Sbai estimates there are 14,000 polygamous families in Italy; others put the number even higher. Many take advantage of the so-called orfi marriage, a less formal union performed by an imam, that does not carry the same social or legal standing as regular marriage.

She is convinced that the polygamists in Italy are practicing a more fundamentalist and abusive form of multiple marriage. Because they feel so threatened by the Western culture around them, the men often imprison their wives and confine them to a life of solitude wholly dependent on the husband.

"They are kept in a kind of ghetto," Sbai said.

When Sbai recently created a hot line for Muslim immigrant women, she was inundated with 1,000 calls in the first three months. To her astonishment, she had tapped into a hidden community of women desperate for information, many trapped in violent, polygamous households, isolated and lonely.

Anna Momigliano:
Passion and honor-related crimes against women seem so engrained in Italian society that in 2006 a German court granted extenuating circumstances on the basis of "ethnic and cultural background" to a Sardinia-born man who had his girlfriend gang-raped because he feared she might have cheated on him.

"All Italians, and those living in Sardinia particularly, felt insulted and outraged by this German sentence," notes Sabahi. "Yet when similar crimes take place among the Arab immigrants, Italian authorities tend to blame it on Islam, without caring about offending the Muslim community."

Sabahi believes "racist prejudice will not help" stop violence; she believes education is the key. "Institutions should focus on protecting women, rather than bashing culture," Sabahi says.

Good points by Momigliano, and she didn't even mention OJ Simpson. But she seems to ignore the differences between "honor killings" in Arab culture and domestic violence in the West. In Arab culture, the murderer is often the brother or the father of the victim. We do not often hear of an American man who kills his sister because she had pre-marital sex or because she was raped, and in America violence against women is publicly combatted and the criminals are punished appropriately.

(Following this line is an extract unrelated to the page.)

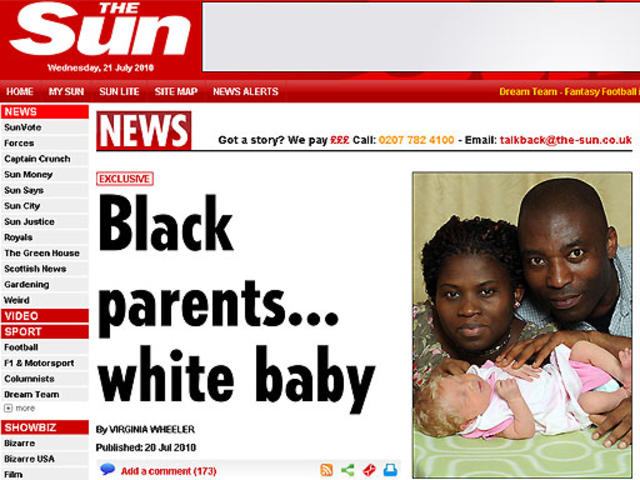 Baby white family black Sandra Laing: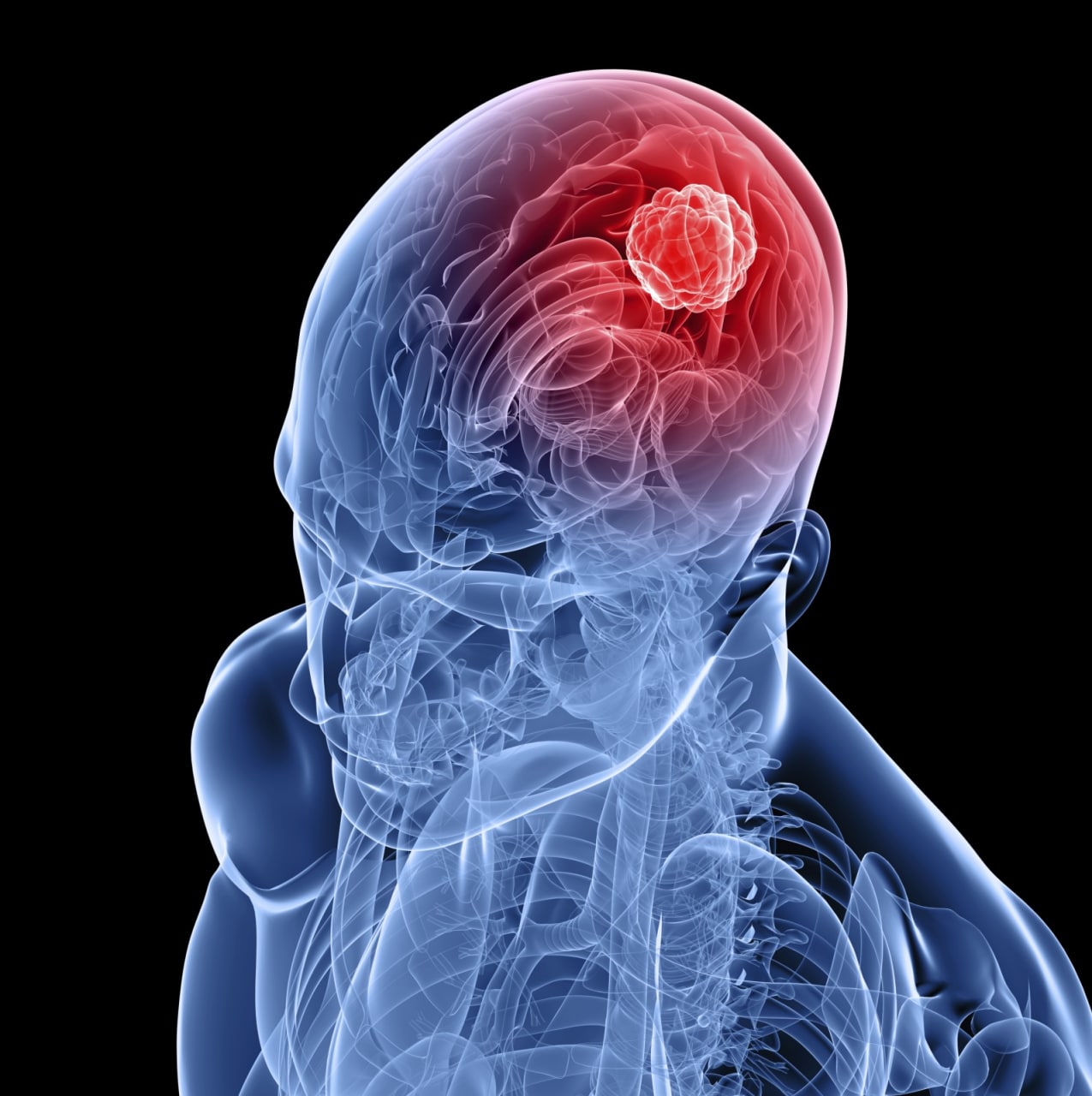 خستگی مفرط شاید ناشی از تومور‌های سرطان مغز باشد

PS: Thanks Aton for posting the article about polygamous marriages in Italy.

Iraq lifts ban on neo-Baathists

"Iraq has lifted a ban on nearly 500 candidates barred from the March election for alleged links to the late Saddam Hussein's Baathist party."

Tuesday, February 02, 2010

Ruling clerics play God in Iran

Apparently the clerics in charge of Iran think they are God.

"Iran experts have said that the government hastily ordered the executions of Arash Rahmanipour and Mohammad-Reza Ali-Zamani, 37, another political prisoner, to intimidate the opposition and to silence the protests that have persisted since the disputed June 12 presidential elections.

With the government’s opponents planning another large demonstration on Feb. 11, the country is bracing for another wave of executions. At least nine other prisoners have been charged with the capital crime of moharebeh, which means waging war against God."

Monday, February 01, 2010

Female suicide bomber kills dozens in Baghdad

"The female kamikaze was dressed in the traditional black cover-all cloak, or abaya, worn by devout Shia women. Police said the garment allowed her to hide a large explosive device and mingle with the throngs of pilgrims marching down the roads leading south to Karbala, where the festival of Arbaeen marks the anniversary of the death of Imam Hussein, the grandson of the Prophet Mohammed, in 680 AD."

The suicide bomber was a kamikaze? I don't think Japanese kamikazes ever attacked civilians.